What to do:
Nothing but the lines from the start of the records below through the line that has "Detailed macro of" should appear, each exactly as given.

---*---

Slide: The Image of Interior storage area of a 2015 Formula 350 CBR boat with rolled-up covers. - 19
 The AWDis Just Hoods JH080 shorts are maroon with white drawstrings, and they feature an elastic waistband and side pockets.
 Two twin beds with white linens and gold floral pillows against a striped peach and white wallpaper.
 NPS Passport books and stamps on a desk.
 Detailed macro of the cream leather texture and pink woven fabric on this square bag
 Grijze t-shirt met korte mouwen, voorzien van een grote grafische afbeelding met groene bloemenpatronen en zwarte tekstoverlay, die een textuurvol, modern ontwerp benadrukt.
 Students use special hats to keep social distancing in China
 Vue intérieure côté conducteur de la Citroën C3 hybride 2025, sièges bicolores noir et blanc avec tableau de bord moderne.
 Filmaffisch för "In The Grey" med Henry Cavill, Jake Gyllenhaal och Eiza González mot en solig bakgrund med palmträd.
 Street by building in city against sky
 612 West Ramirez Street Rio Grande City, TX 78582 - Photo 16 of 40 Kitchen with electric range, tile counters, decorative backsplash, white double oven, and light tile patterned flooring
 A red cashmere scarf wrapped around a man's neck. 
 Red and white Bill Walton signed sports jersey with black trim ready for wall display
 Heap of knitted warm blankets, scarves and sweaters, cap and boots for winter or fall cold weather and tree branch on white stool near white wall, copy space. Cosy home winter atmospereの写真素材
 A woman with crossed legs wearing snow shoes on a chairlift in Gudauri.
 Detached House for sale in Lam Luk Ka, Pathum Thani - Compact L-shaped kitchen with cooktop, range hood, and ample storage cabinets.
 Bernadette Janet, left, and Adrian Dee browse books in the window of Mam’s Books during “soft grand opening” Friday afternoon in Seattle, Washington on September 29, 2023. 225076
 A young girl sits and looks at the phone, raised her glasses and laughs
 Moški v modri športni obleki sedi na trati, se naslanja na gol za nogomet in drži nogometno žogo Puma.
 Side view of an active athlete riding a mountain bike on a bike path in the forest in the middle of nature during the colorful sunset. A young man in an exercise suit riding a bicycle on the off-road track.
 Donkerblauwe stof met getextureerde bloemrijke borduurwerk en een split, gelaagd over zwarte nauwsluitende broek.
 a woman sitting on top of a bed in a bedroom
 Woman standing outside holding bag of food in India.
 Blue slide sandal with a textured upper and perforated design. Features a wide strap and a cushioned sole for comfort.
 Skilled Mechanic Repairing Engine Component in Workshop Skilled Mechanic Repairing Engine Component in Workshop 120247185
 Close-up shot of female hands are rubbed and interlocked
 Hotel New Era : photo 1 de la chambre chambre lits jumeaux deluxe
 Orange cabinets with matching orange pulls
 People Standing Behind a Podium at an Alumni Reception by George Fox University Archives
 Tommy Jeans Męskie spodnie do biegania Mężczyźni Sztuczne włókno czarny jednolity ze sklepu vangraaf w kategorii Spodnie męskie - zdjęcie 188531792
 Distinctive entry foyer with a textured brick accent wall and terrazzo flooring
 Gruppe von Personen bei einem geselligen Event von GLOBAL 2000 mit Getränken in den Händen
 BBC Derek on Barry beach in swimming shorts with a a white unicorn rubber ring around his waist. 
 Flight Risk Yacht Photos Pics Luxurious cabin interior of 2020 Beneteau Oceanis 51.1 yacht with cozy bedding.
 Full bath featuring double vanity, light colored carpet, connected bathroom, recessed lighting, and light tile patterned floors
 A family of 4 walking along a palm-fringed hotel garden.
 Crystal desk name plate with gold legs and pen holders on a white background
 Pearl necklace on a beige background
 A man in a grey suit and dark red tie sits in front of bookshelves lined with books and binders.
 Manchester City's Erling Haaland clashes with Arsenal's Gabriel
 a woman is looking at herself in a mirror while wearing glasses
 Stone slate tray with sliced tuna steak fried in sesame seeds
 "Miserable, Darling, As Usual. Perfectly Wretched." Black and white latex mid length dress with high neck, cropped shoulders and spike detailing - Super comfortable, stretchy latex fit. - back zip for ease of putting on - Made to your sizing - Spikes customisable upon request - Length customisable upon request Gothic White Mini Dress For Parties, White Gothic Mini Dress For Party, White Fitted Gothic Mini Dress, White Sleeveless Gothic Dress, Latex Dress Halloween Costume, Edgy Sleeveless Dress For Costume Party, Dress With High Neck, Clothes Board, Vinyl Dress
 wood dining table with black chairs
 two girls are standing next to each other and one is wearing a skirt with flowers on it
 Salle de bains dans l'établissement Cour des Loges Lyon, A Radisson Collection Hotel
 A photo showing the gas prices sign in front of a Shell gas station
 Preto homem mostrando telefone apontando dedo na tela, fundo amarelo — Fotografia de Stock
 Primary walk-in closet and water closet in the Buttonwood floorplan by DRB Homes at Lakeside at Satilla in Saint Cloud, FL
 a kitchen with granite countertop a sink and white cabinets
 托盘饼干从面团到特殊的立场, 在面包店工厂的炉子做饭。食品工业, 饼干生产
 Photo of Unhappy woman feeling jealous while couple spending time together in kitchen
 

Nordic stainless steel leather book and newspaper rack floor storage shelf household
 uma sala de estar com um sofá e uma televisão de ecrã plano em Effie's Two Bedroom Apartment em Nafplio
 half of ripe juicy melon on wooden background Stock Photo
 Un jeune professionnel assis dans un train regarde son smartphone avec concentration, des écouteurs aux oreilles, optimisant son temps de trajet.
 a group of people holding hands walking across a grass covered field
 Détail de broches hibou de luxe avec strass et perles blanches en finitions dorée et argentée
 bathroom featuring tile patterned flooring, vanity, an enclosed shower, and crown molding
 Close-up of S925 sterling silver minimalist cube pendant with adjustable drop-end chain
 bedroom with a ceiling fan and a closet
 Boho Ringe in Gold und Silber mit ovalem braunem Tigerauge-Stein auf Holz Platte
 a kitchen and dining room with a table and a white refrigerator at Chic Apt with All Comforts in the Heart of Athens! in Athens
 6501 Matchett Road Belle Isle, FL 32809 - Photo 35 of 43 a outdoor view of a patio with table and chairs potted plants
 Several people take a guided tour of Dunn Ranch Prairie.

---*---

Exercise result:
Slide: The Image of Interior storage area of a 2015 Formula 350 CBR boat with rolled-up covers. - 19
 The AWDis Just Hoods JH080 shorts are maroon with white drawstrings, and they feature an elastic waistband and side pockets.
 Two twin beds with white linens and gold floral pillows against a striped peach and white wallpaper.
 NPS Passport books and stamps on a desk.
 Detailed macro of the cream leather texture and pink woven fabric on this square bag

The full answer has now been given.